On one level it would seem correct that your good work should simply be enough. After all that's where you put in your time and spend the majority of your effort. Certainly, in good economic times this strategy has more merit than during tough economic times. In fact during robust periods, many businesses simply live off repeat business from existing clients coupled with the occasional referrals. However, simply relying on word of mouth for all one's new business invariably results in the "feast or famine" business cycles that so many small business owners are painfully aware of.
So why is there such a reluctance to market one's services? Why do so many small business owners embrace marketing only as a last ditch solution, and then quickly abandon their marketing plans once referrals and word of mouth once again return?

A large part of the problem is that when faced with implementing a marketing program, many small business owners focus on activities rather than systems. For example, a marketing activity might include investing in promotional items, or sending out a postcard or hiring an appointment setting firm to do some cold calling. While there's nothing inherently wrong with any of those activities, they generally do not produce the desired results that one hopes for. The key to getting the phone to ring with eager customers is to think about what needs to occur before and after the marketing activity.

Let's take postcards as an example. These are a time-tested method for generating new prospects. However most small business owners focus far too heavily on the look and image of the card, and pay scant attention to which list they will mail the cards to, or what the call-to-action is. These two items are far more important to the success of a postcard mailing campaign than whether the font is in one size vs. another, or whether the predominate color is red or blue.
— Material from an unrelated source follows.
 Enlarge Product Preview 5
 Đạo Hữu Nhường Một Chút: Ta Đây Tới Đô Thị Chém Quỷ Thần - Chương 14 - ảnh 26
As the late great directly mail guru Gary Halbert once observed, "If you have extra money to spend on a campaign, invest more money in the quality of the list that you are mailing to."

Of equal importance to the list, is the call-to-action. This means, what do you want people to do once they get the card? There are all sorts of options people have once they get done reading your postcard. Unfortunately only one or two of them are what you really want. So the question becomes, what is the best call to action?

What we have found after 17 years of testing, is that you want the offer to be as easy for someone to accept as humanly possible. This means it needs to be very risk free. That is the precise reason why a call to action of "Please call us for a free consultation or free estimate" does not work particularly well. People are assuming that if they call they will not really get a free consultation, but rather be subjected to a rather aggressive sales pitch. Thus your call to action needs to address this concern.

In the days before websites, a very successful call to action was for someone to call a 1-800 number for more information. The copy on the postcard always pointed out that this was a "recorded" message, thus alleviating the concern that someone was going to try to sell you something the moment you called. Nowadays the easiest approach is to direct people to a page on your website. That page, as I've discussed in other articles, is specifically designed to encourage visitors to give you their contact information in exchange for receiving a free report or article that offers some helpful information about the problem they are facing.

Thus an effective postcard marketing effort depends upon what takes place before the mailing occurs (determining the quality of the list) and what occurs immediately afterwards (determining what the call to action should be and where you want them to go for further information.) While this type of marketing requires a bit more planning and thought, the results will be far greater. That's why small business owners who are successful at getting new business despite the current economic conditions, focus their efforts on developing marketing systems, rather than relying on a single activity.